ElasticsearchHighQueryLatency

ElasticsearchHighQueryLatency #

The query latency on Elasticsearch cluster is higher than the threshold.

Alert Rule
alert: ElasticsearchHighQueryLatency
annotations:
  description: |-
    The query latency on Elasticsearch cluster is higher than the threshold.
      VALUE = {{ $value }}
      LABELS = {{ $labels }}    
  runbook: https://srerun.github.io/prometheus-alerts/runbooks/prometheus-community-elasticsearch-exporter/elasticsearchhighquerylatency/
  summary: Elasticsearch High Query Latency (instance {{ $labels.instance }})
expr: elasticsearch_indices_search_fetch_time_seconds / elasticsearch_indices_search_fetch_total
  > 1
for: 5m
labels:
  severity: warning

Here is a runbook for the ElasticsearchHighQueryLatency alert:

Meaning #

The ElasticsearchHighQueryLatency alert is triggered when the average query latency on an Elasticsearch cluster exceeds 1 second.
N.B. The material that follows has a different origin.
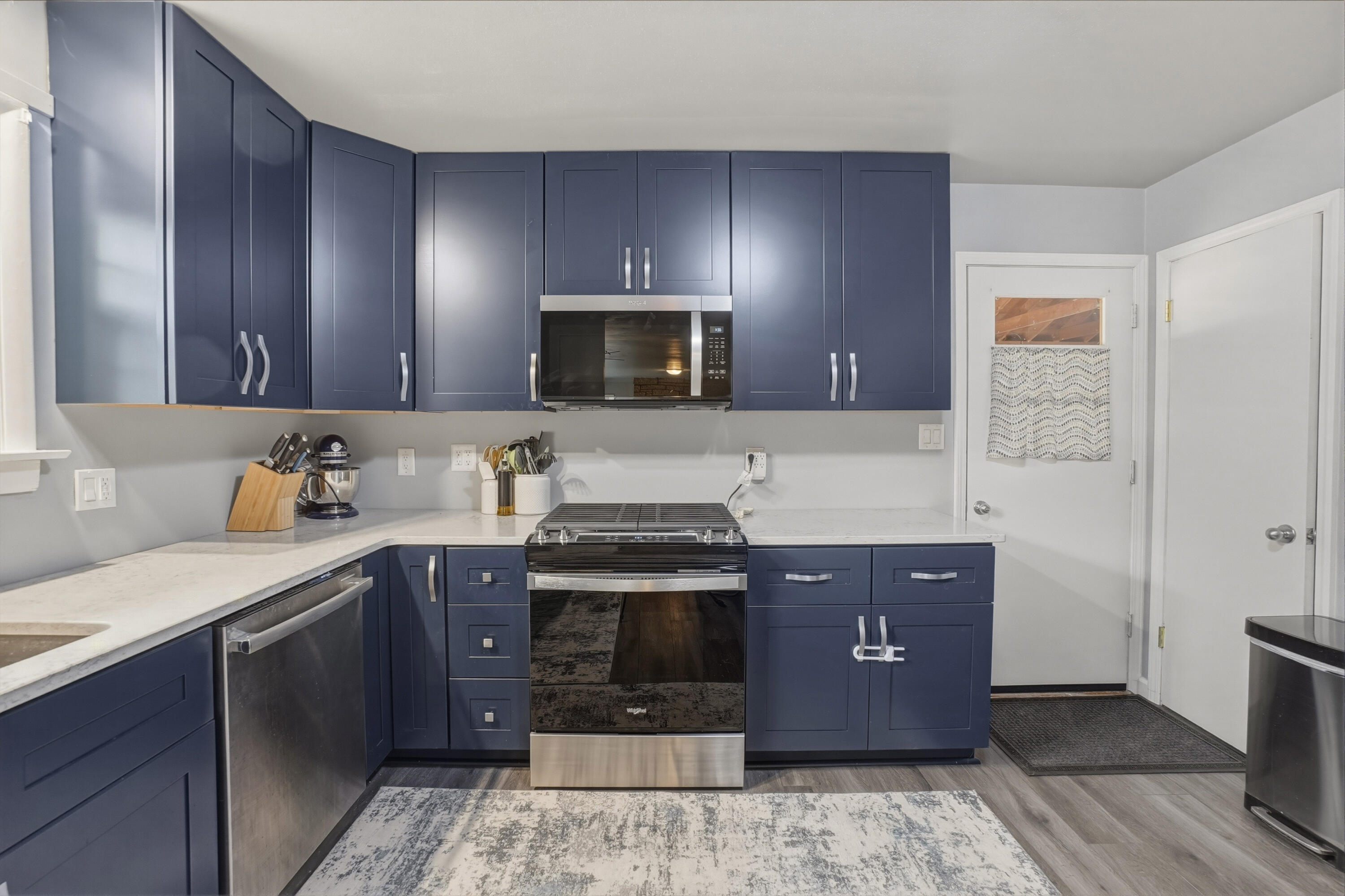 W379N5787 Meadow View Road Oconomowoc, WI 53066 - Photo 5 of 21 Kitchen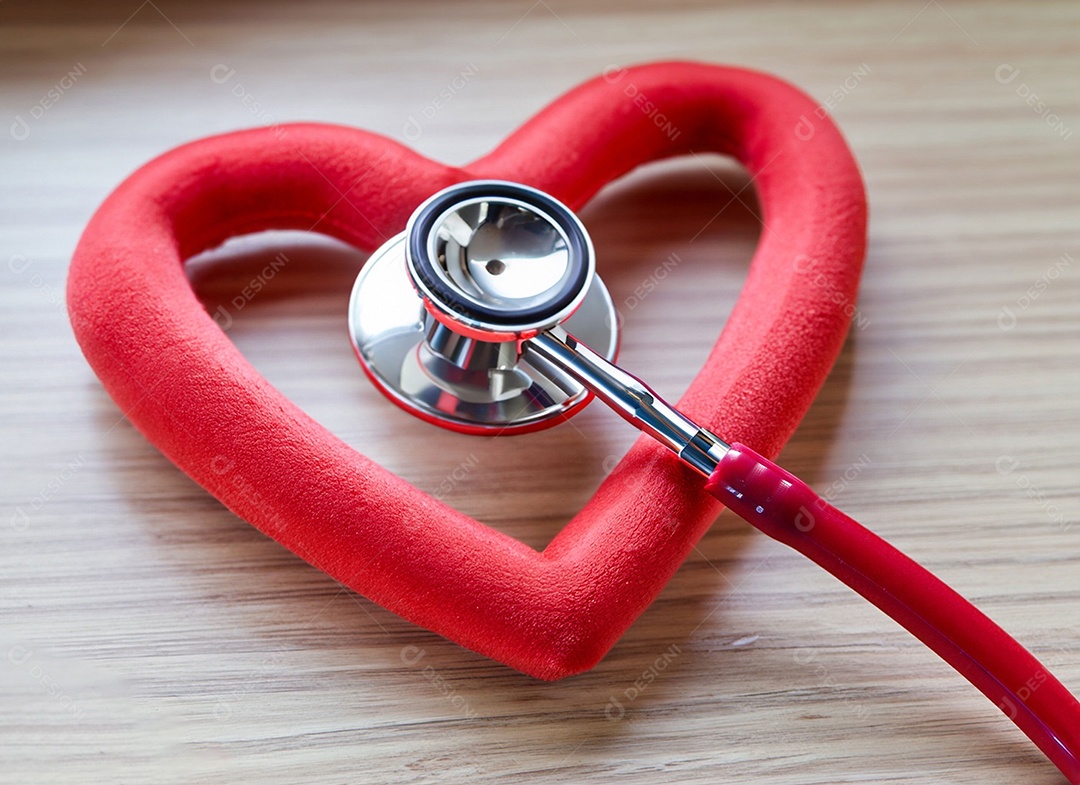 Estetoscópio com coração vermelho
This is calculated by dividing the total search fetch time (in seconds) by the total number of search fetch operations.

Impact #

High query latency on Elasticsearch can have a significant impact on the performance and responsiveness of dependent applications and services. This can lead to:

  • Slow query response times, affecting user experience
  • Increased load on the Elasticsearch cluster, potentially leading to additional latency or even node failures
  • Potential impact on business-critical operations, such as search, logging, and analytics

Diagnosis #

To diagnose the root cause of high query latency, follow these steps:

  1. Check the Elasticsearch cluster health: Verify that the cluster is healthy and all nodes are available.
  2. Investigate query patterns: Analyze query logs to identify any unusual or heavy query patterns that may be contributing to the latency.
  3. Check indexing and shard configuration: Verify that indexing and shard configurations are optimal for the workload.
  4. Review cluster resource utilization: Monitor CPU, memory, and disk usage to identify any resource bottlenecks.
  5. Check for any ongoing maintenance or upgrades: Verify that there are no ongoing maintenance or upgrades that may be affecting query performance.

Mitigation #

To mitigate high query latency, follow these steps:

  1. Optimize indexing and shard configuration: Review and adjust indexing and shard configurations to improve query performance.
  2. Adjust query patterns: Optimize query patterns to reduce the load on the Elasticsearch cluster.
  3. Add more resources: Consider adding more resources (e.g., nodes, CPU, memory) to the Elasticsearch cluster to improve query performance.
  4. Implement query caching: Implement query caching to reduce the load on the Elasticsearch cluster.
  5. Consider upgrading Elasticsearch: If the cluster is running an older version of Elasticsearch, consider upgrading to a newer version that may have performance improvements.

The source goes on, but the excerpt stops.